After the first night, however, Sarah still has her guard up. She demands his identity, and Ben, rightfully unsure of his whereabouts and the partisan affiliation of his host, fibs that his name is Benjamin Brewster, a traveling minister. The crucifix seems to confirm his lie, and Sarah relaxes. Only then does she explain the absence of her husband — shot by thieves a year ago to the day — and her unembarrassed response to Ben’s awkward question about how much she saw of him while she changed his clothes represented some justified level-jumping. So it didn’t feel forced when they kiss the next night and spend the night together.

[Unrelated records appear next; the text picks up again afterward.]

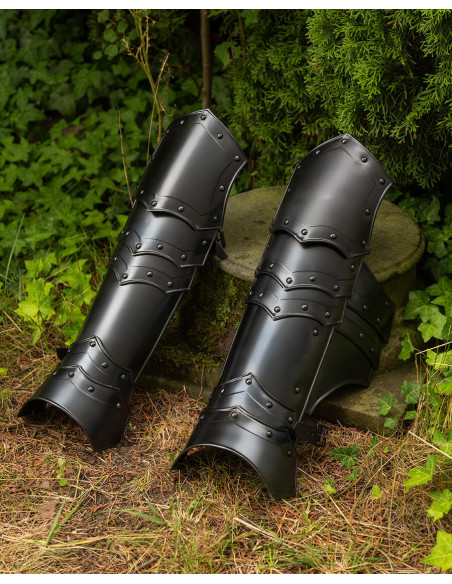 Medieval greaves in blackened steel....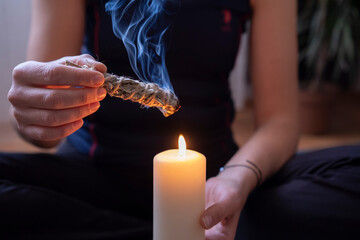 Woman's hand burning white sage in home.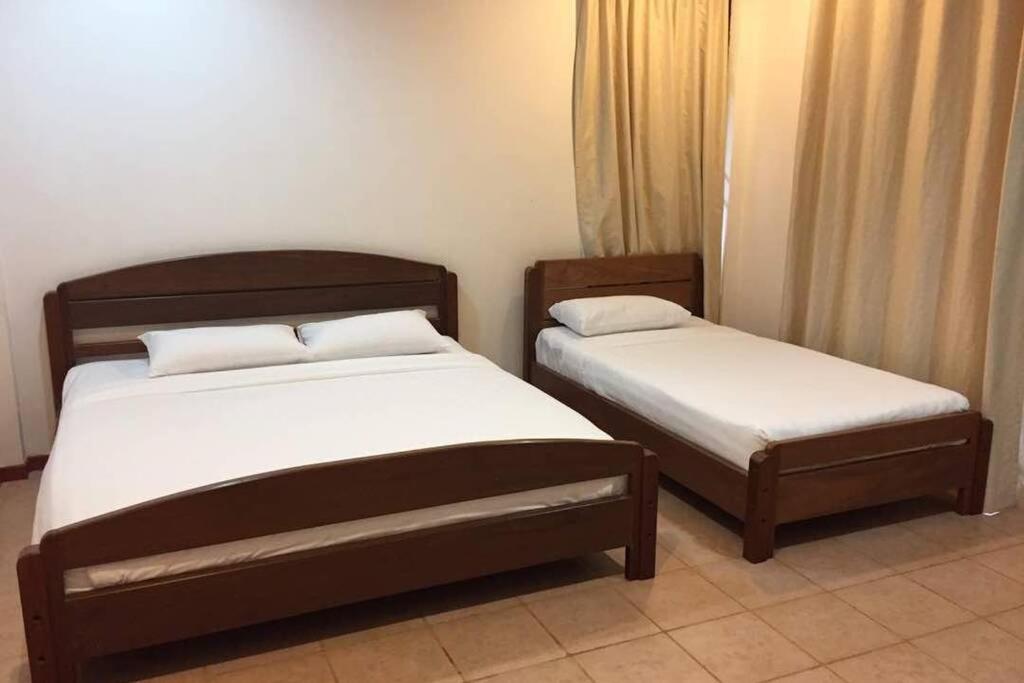 twee bedden in een hotelkamer met rokken bij Bonsai Villa @ Mesilou 盆栽小苑 in Kampong Kundassan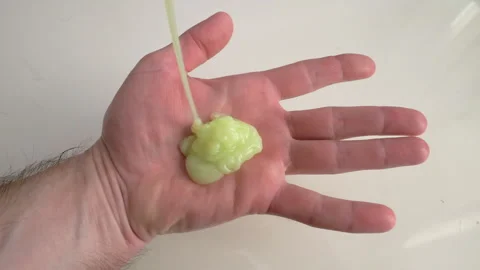 Liquid soap flows onto the palm of man's hand, green liquid paint Stock Footage 336557119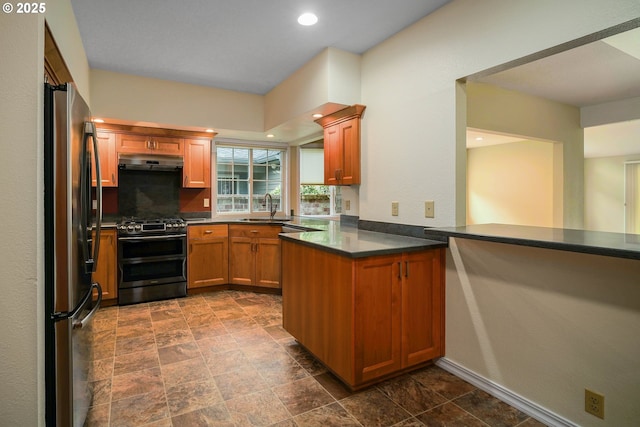 533 Fountain Ct, Keizer, OR 97303 - kitchen featuring stainless steel appliances, under cabinet range hood, a peninsula, brown cabinets, and dark stone finish flooring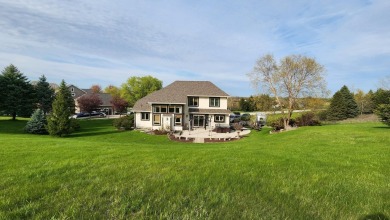 Location, location,location! This property backs up to a mature on Western Lakes Golf Club in Wisconsin - for sale on GolfHomes.com, golf home, golf lot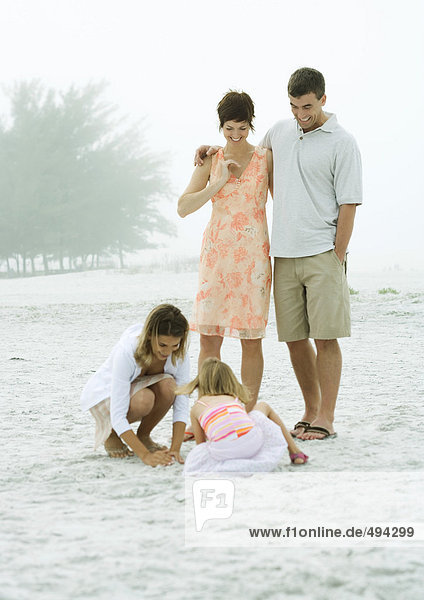 Familie am Strand  Eltern beobachten Töchter beim Spielen im Sand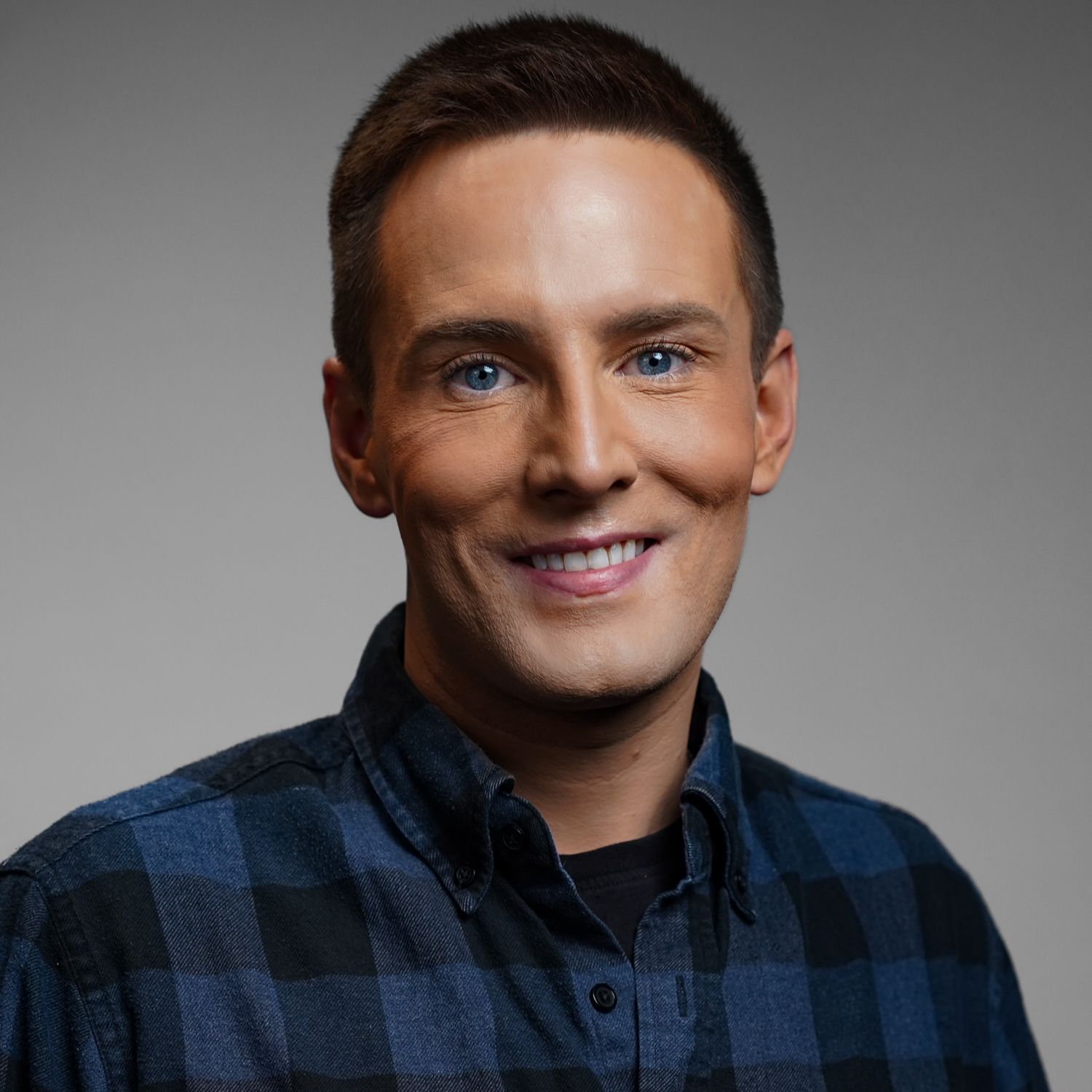 A man in a blue plaid shirt is smiling for the camera.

Of course, Ben is in no rush to leave the morning after, though a noticeably cooler Sarah is eager for him to take the 1778 walk of shame. (Or perhaps she simply hopes he has to rush home to clean his andirons!) Feeling pangs of what might be love, the romantically inexperienced Ben wants to bring her with him when he eventually sets off for home; she more realistically dismisses their night together as the sad product of two lonely people. Unfortunately, Ben’s response to this is truth telling, and he confides that he’s an officer in the American army. Oops. Sarah’s husband was murdered by American soldiers who forcibly took his crops. Ben even recalls the military order that justified their crime. When Gamble and his search party arrive looking for him, Sarah doesn’t hand Ben over, though that decision doesn’t exactly reflect a softening of her position. “I never want to see your face again,” she tells Ben after Gamble’s posse leaves.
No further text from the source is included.